그런 φ 있으면, φ(Q) · φ(K)ᵀ · V 를 φ(Q) · (φ(K)ᵀ · V) 로 다시 쓸 수 있어. 괄호화 중요: 오른쪽이 d×d matrix 먼저 계산 (cost O(n·d²)), φ(Q) 로 project (cost O(n·d²)). Total: O(n·d²). Sequence length 에 linear, model dimension 에 quadratic. 합리적 model dim 가진 long sequence 에 대해 huge win.

왜 dominate 안 했나

수학은 작동. 실용적 결과는 실망. Random feature map 이 softmax 근사하지만, long context 에서 근사가 더 나빠져 — softmax 를 충실히 근사하기 위해 필요한 φ 의 dimension 이 attention 분포의 entropy 따라 자라고, 많은 토큰에 대한 high-entropy 분포 (long context 가 산출하는 거) 가 근사 cost 를 폭발.

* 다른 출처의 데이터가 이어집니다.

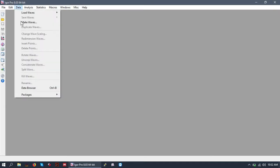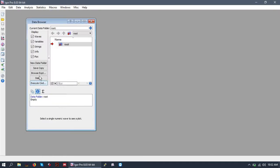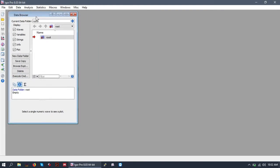To view the data browser, you're going to go to the data menu and click data browser. The hotkey for this is Control-B, which I highly recommend using. Hotkeys are very useful and make things a lot faster when you're running through analyses.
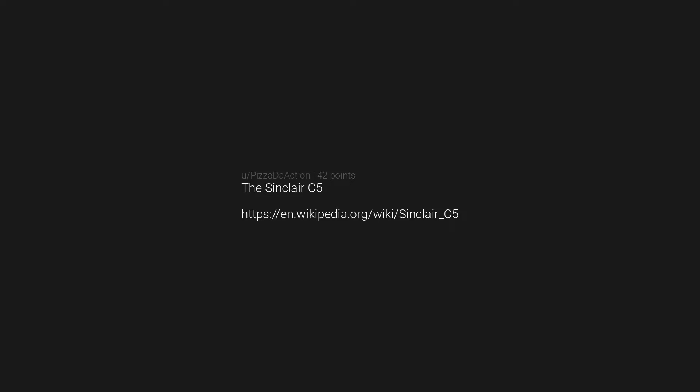Those stupid NFT pictures that were great for money laundering. A stupid JPEG worth $20k is now five dollars. The Sinclair C5: https://en.wikipedia.org/wiki/Sinclair_C5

실제 벤치마크가 보여준 거 — speedup 이 가장 중요한 length 에서 Performer-style 모델이 표준 attention 대비 의미 있는 quality 잃음. 커뮤니티 결론: 정확한 attention quality 포기 어려워. 근사가 매우 좋아야지 안 그러면 절약하는 것보다 더 cost.

Lasting 기여

Performer 가 안 이겼지만, 다른 형태로 나중에 더 잘 작동한 conceptual framework establish: 영리한 factorization 통한 structured attention. Kimi Linear, MHLA, gated linear attention 다 이 아이디어에서 후손, 더 영리한 φ 선택과 원본 Performer 의 quality 이슈 극복하는 더 풍부한 state 메커니즘과 함께.

Code

Linear attention factorization — 핵심 트릭·python

# Standard attention: O(n^2 * d)
# attn = softmax(Q @ K.T) @ V              # 가운데 n x n matrix

# Linear attention with kernel phi: O(n * d^2)
# Numerator: phi(Q) @ (phi(K).T @ V)        # 가운데 d x d matrix
# Denominator: phi(Q) @ (phi(K).T @ ones)
# Output: numerator / denominator

# 트릭은 결합법칙:
# (phi(Q) @ phi(K).T) @ V   ==   phi(Q) @ (phi(K).T @ V)
# 좌변: O(n^2 * d). 우변: O(n * d^2).

Exercise

PyTorch 에 random feature map 가진 Performer-style linear attention 구현. 작은 (1, 8, 1024, 64) input 에서 표준 scaled-dot-product attention 과 output 비교. speed 와 output 사이 divergence 둘 다 측정. Short sequence 에 대해 divergence 작지만 speed advantage 도 작은 거 보고; long sequence 에서는 speed advantage 자라지만 divergence 도. 그 tradeoff 가 Performer 못 이긴 이유.